When clicking though auctions for domestic interiors though, I have sometimes been surprised not just how expensive some antiques can be, but also how comparatively cheap some can be.

As a long-term watcher of Antique’s Roadshow, I know that for some reason, tables seem to be shockingly expensive for what they are. I presume this is due to rarity, as not many families would have space for, let alone be able to afford a dining table 150+ years ago.

The same for simple looking kitchen chairs. Again I am guessing that the rickey old kitchen chair got thrown on the bonfire rather than restored after its 500th accident, so rarity adds value.

However, counterbalancing that is the seemingly good value that sofa chairs seem to offer.

Accepting that not everyone wants a chair that looks like the sort of thing your granny perpetually sat in when you were a tiny kid – but I often see chairs that could almost be modern – and at prices not that different from the high street. Oddly, actual modern chairs sold at auction are very expensive, because of the designer label.
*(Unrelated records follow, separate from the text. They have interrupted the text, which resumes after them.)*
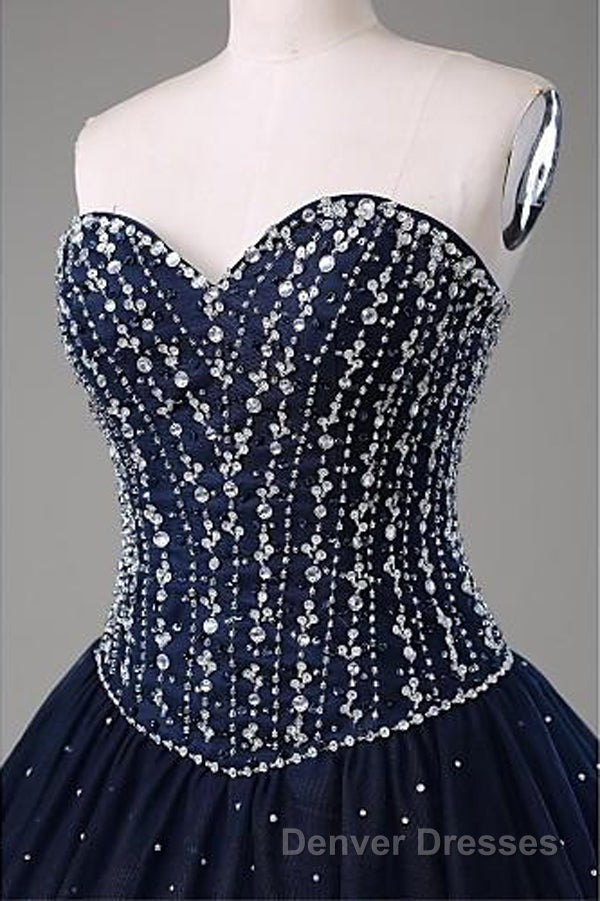 Navy Blue Ball Gown Floor Length Sweetheart Sleeveless Mid Back Prom Dress
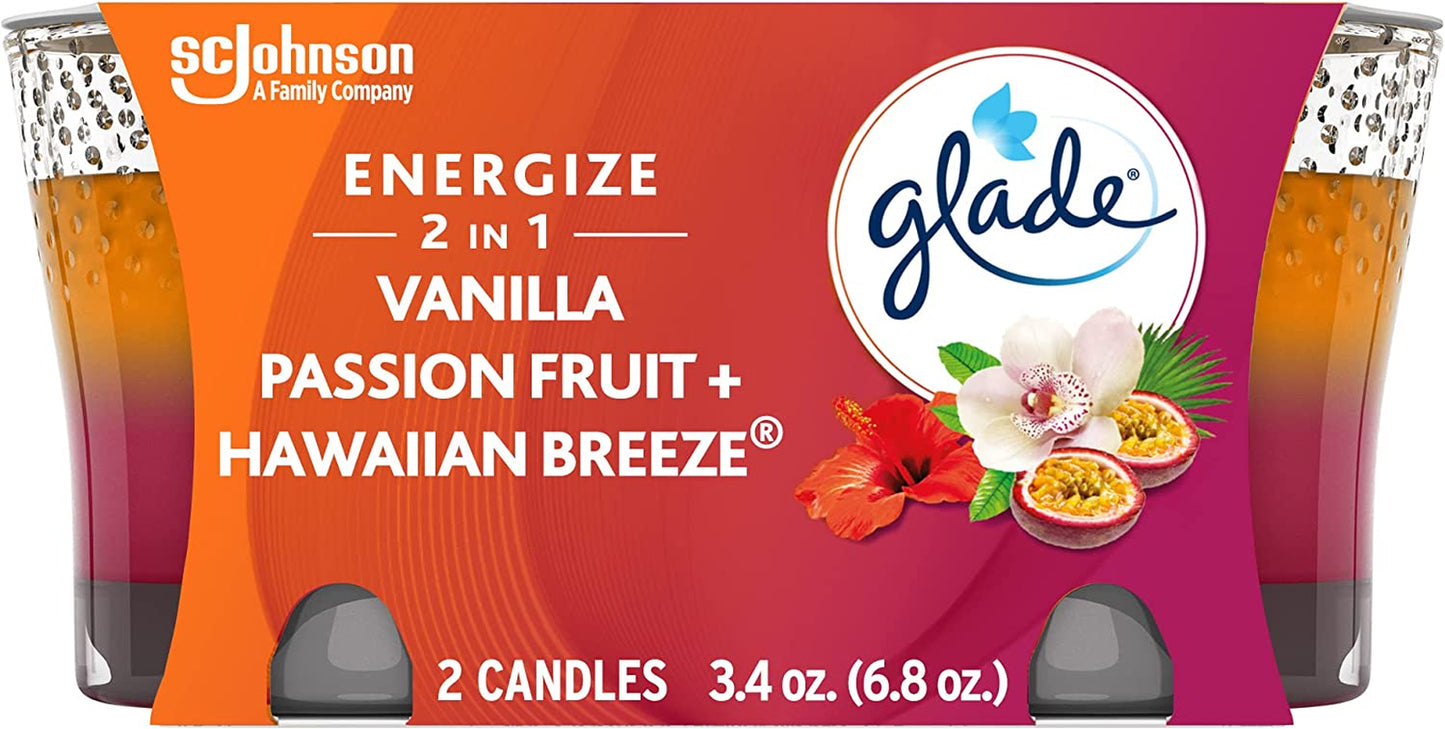 Candle Jar, Air Freshener, 2In1, Hawaiian Breeze & Vanilla Passion Fruit, 3.4 Oz, 2 Count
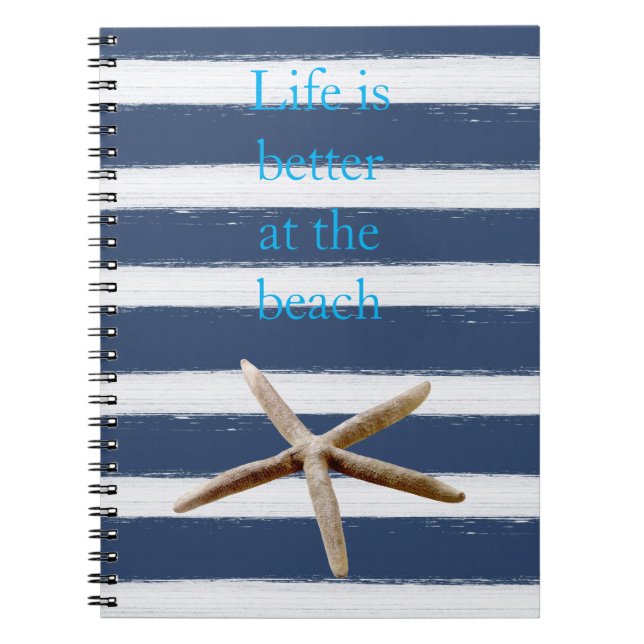 Navy Blue and White Stripes Starfish Notebook (Front)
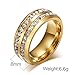 Mens Womens 8MM Titanium Stainless Steel High Polished 18K Gold Plated Channel Set Cubic Zirconia CZ Promise Engagement Band Unisex Gold Wedding Ring Comfort Fit, Size 9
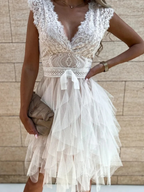 Women's Ruched Waist Ruffle Mini Dress
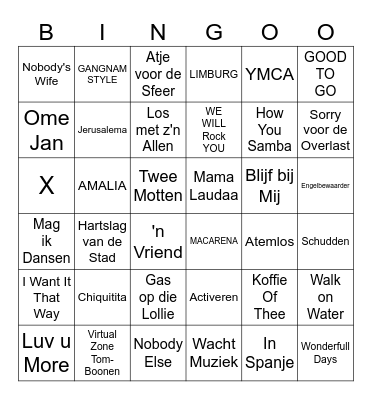 J & J MUZIEKBINGO 2023 Bingo Card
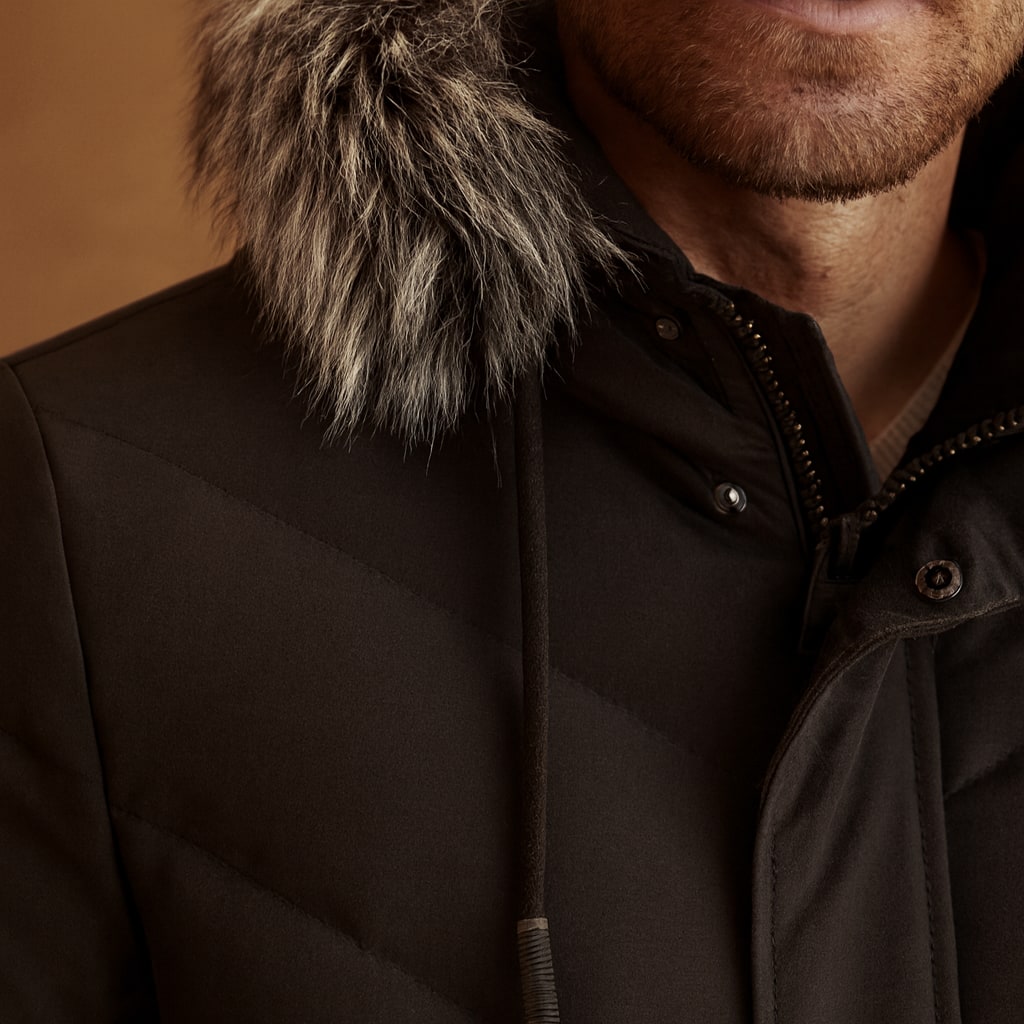Close-up of the men's hooded winter coat showing the faux fur hood trim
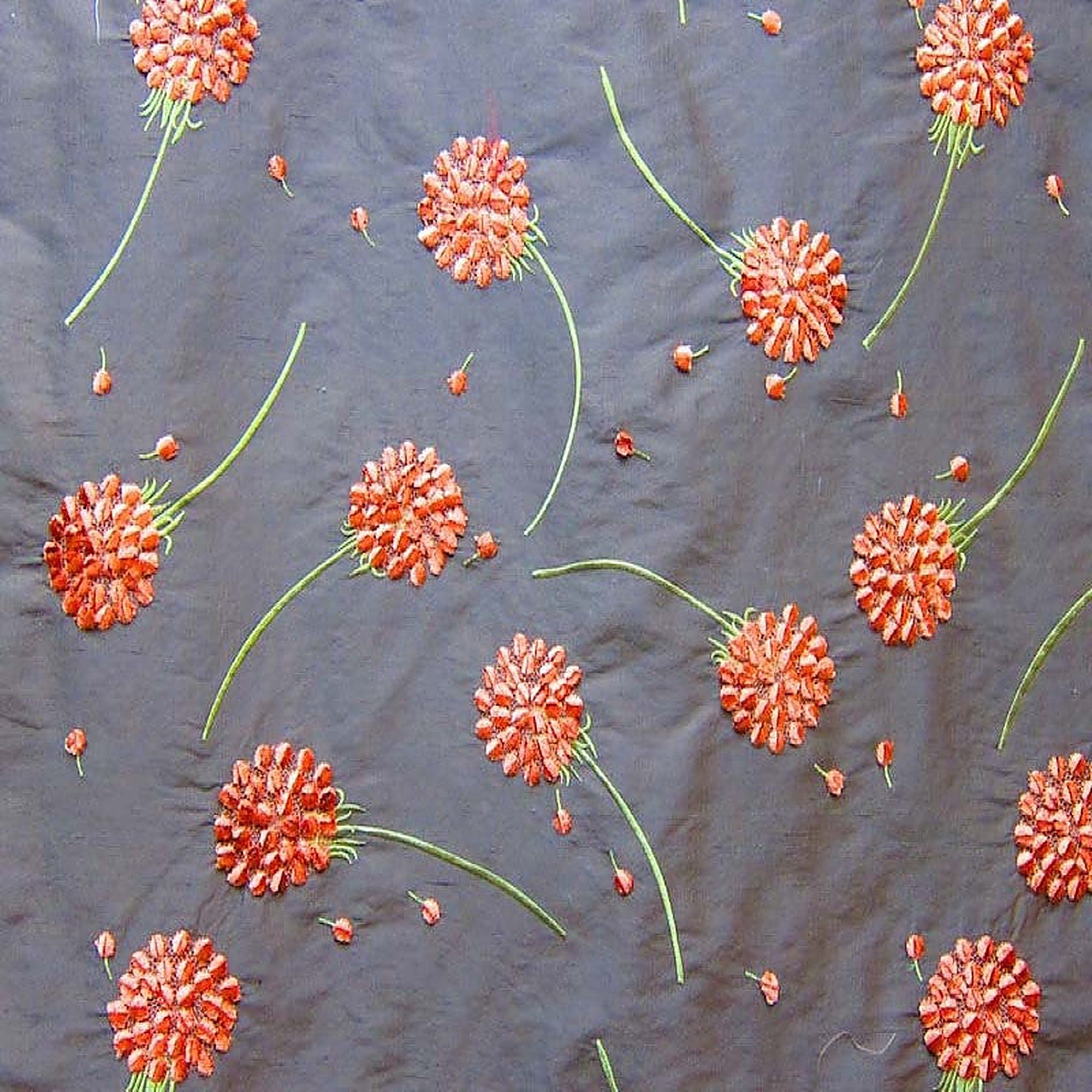 Carrie Fabric in color Java is a Embroidered Floral Velvet Silk Fabric pattern good for Drapery & Curtain Fabric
I sometimes wonder if the people shopping in Ikea or John Lewis realise that they could buy a Victorian or even Georgian era chair for a price comparable to what they are paying for a good modern version?

Two Late 19th Century Victorian Leather Chairs
Estimate £300-£400 each

Eight 19th Century North European Dining Chairs
Estimate £75 – £110 each

Five mid-18th Century Mahogany Dining Chairs (George II era)
Estimate £100 – £125 each

Late Victorian Walnut Wing Armchair (OK, this is the granny chair!)
Estimate £500 – £700

I think that given the choice between a modern bit of mass production furniture and paying maybe 10% more to get something that looks comparable, but is over 100 years old, then I think I would prefer the older item.

The downside is that you can spend ages waiting for just the right item to come up for sale – then get outbid by another buyer. Then again, it took me over two months to buy my current sofa as it was perpetually out of stock and no other shops sold anything I liked.

I wonder how much cheaper items would be at house-clearance type sales as opposed to the rarefied airs of Christie’s as the items above are from.